With the pictures omitted, repeat exactly the lines below starting with the line that has "Make Milky eggs with noodles step 3" and going on through the line that has "1035 Ventura Dr, Lady Lake, FL 32159".

• Task inputs:
···

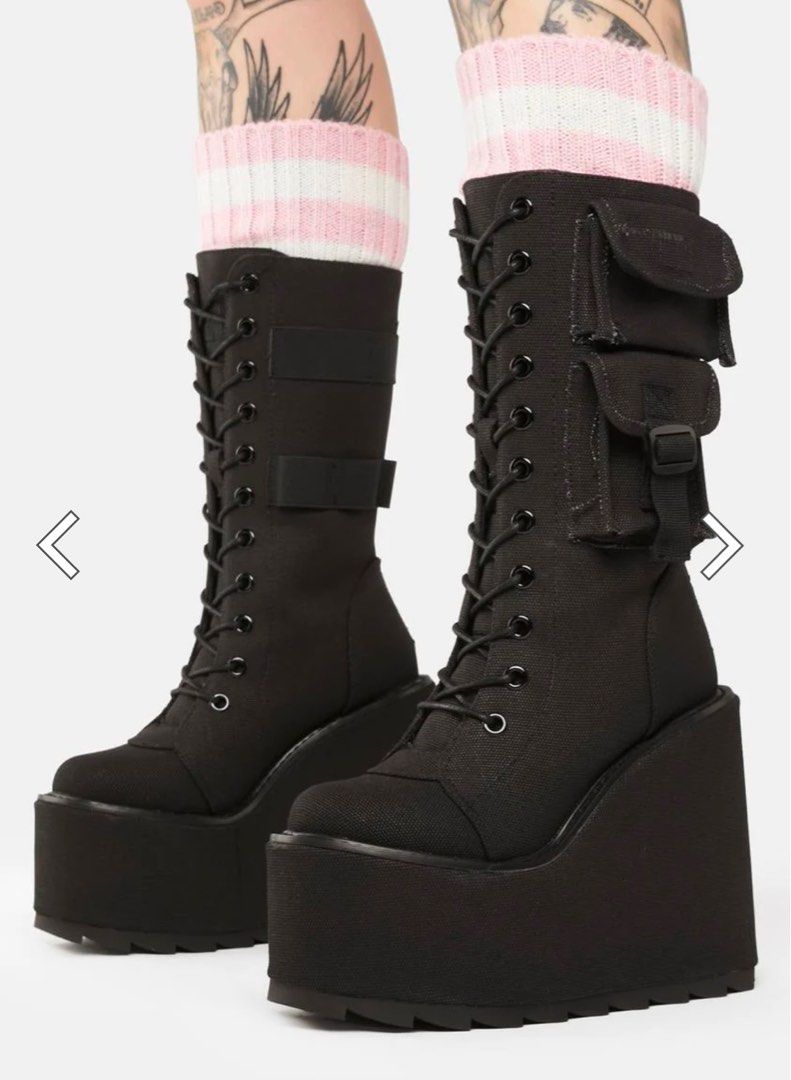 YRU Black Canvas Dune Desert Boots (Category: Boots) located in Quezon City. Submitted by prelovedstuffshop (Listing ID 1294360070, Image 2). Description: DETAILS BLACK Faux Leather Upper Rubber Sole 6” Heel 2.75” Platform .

···

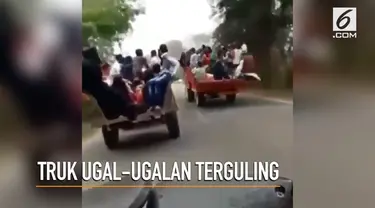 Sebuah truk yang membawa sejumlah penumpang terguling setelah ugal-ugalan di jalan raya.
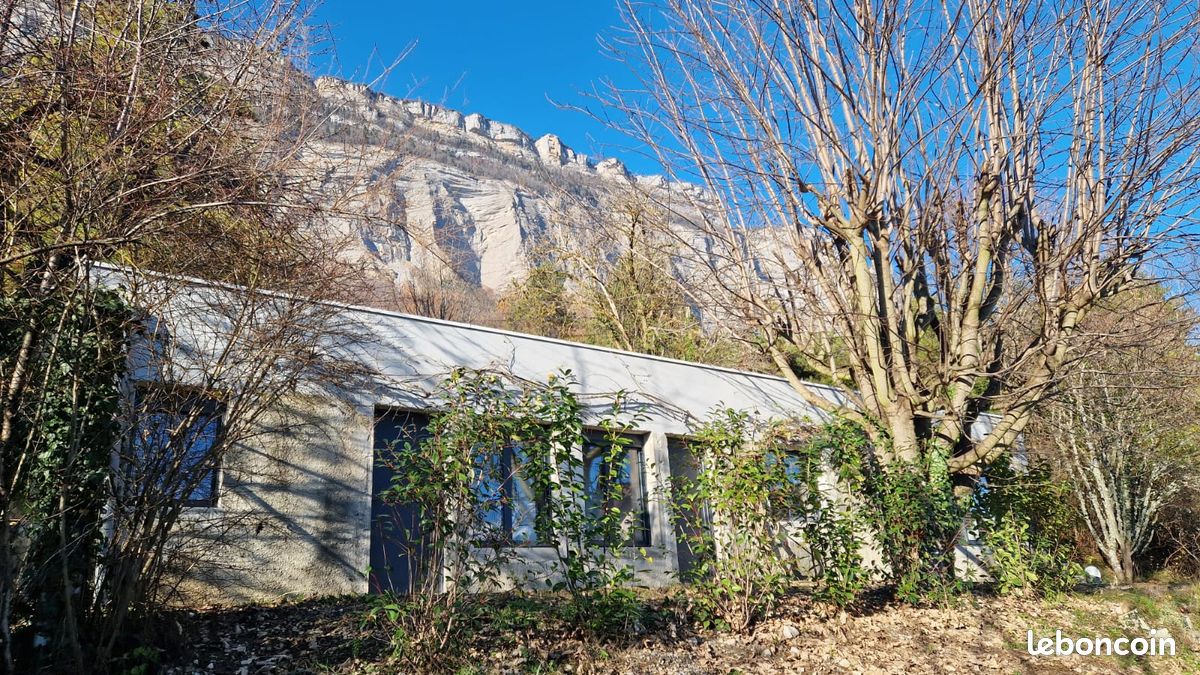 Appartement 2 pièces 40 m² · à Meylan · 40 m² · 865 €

···

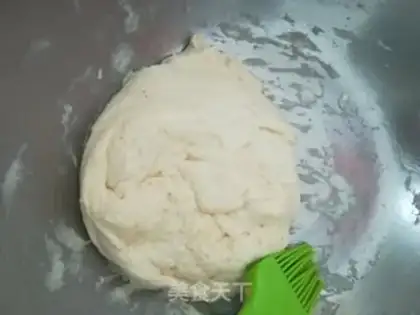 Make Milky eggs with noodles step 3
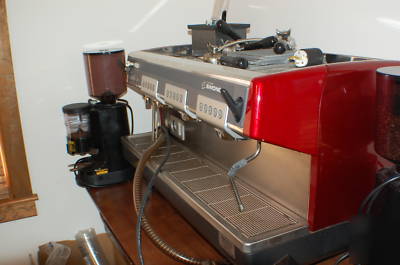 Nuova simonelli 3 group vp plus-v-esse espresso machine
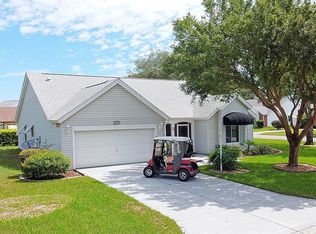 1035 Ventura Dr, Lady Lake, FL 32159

···

• Final answer:
 Make Milky eggs with noodles step 3
 Nuova simonelli 3 group vp plus-v-esse espresso machine
 1035 Ventura Dr, Lady Lake, FL 32159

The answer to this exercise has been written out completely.